Scraped caption text data
=====
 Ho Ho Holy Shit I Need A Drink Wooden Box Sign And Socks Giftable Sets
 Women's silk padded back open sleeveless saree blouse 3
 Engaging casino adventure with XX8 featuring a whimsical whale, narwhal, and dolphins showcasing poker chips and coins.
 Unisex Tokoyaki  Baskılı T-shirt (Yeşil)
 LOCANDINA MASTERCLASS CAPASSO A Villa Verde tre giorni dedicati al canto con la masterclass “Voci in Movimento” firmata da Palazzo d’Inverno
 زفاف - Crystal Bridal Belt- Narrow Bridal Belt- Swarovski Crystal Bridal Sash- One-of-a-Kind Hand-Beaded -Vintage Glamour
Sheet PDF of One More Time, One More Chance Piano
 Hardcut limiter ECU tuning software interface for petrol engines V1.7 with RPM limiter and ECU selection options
=====
Going through the entries, return every line holding the word "with".

 Engaging casino adventure with XX8 featuring a whimsical whale, narwhal, and dolphins showcasing poker chips and coins.
 Hardcut limiter ECU tuning software interface for petrol engines V1.7 with RPM limiter and ECU selection options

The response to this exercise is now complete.